The other day, I ran into an old colleague I hadn’t seen in years. She was the sort of woman who once made sex her favourite subject. Lunchtime gossip, coffee catch-ups, after-work drinks – she’d tell you everything, and I mean everything. Now? She smiled and told me she’d rather be writing poetry. “Sex is over-rated,” she said with a shrug. I nearly dropped my flat white.
What happens between 40 and 60 that takes us from lusty innuendo to rhyming couplets? More to the point: how much sex are people in their 60s actually having – and how do men and women see it differently?
The numbers don’t lie (but they do surprise)

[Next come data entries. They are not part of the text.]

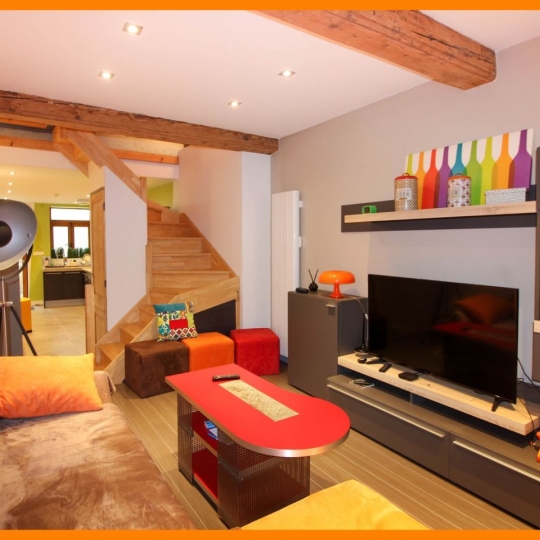 Annonces SAINTPRIEST : Maison / Villa | MIRIBEL (01700) | 98.00m2 | 219 000 € 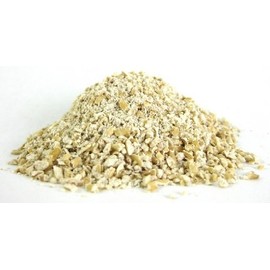 Organic Oat Bran 5 pound bag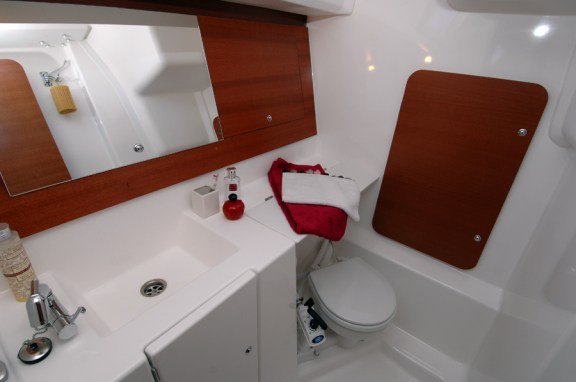 Image of Lara yacht #35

Let’s get one thing straight: sex doesn’t vanish at 60. Research from the English Longitudinal Study of Ageing and other large surveys shows that most men (around 80–85 per cent) and a majority of women (around 60 per cent) in their 60s are still sexually active. But activity levels fall compared with earlier decades.
Among those who are active, the frequency is usually 1-4 times per month – hardly the Hollywood image of twice-a-day passion, but more than the stereotype of abstinence. And here’s the gender twist: studies show that men are more likely to report wanting more sex than they’re having, while women are more likely to report that they’re quite content with less.
His take (63)
When I turned 60, I expected to be put out to pasture, at least if you believe the clichés. Yet I still think about sex most days, and if it were up to me, I’d be aiming for once a week, minimum. The research actually makes me feel better: knowing that a quarter of people in their 60s are still having sex weekly or more puts me on the right side of the bell curve.

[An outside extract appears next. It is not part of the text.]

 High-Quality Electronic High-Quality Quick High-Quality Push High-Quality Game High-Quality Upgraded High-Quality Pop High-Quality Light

But the frustration is real. For men, desire often stays strong while energy, joints and (let’s be honest) erections don’t always cooperate. That mismatch can be maddening.
Her take (65)
I’ll be blunt: by the time you hit your mid-60s, sex isn’t always top of the to-do list. Hormones shift, health niggles creep in, and sometimes you’re simply tired. The research shows women are more likely than men to step away from sex after 60 – not necessarily because we don’t enjoy it, but because the drive is softer.
And here’s the thing many women don’t say out loud: intimacy matters more. Cuddles, touch, feeling close – that can be just as satisfying as a full-blown session under the doona. For me, the poetry my old colleague writes might not be about sex, but it’s about connection, and that resonates.
The bigger picture
So, is sex in your 60s about numbers or about meaning? The stats tell us the average is a few times a month if you’re active, less if you’re not. Men tend to want more, women tend to want less, and somewhere in the middle we negotiate, laugh, or sometimes sulk.
But what the surveys don’t capture is how sex evolves. For many, the 60s are a time when desire, though quieter, is steadier. When performance matters less than intimacy. When, if you’re lucky, you can both want the same thing – even if it’s just holding hands in bed while you drift off.
And perhaps that’s the secret. Not the frequency, but the freedom to admit that sex can change shape – from lust to laughter, from friction to poetry – and still matter deeply.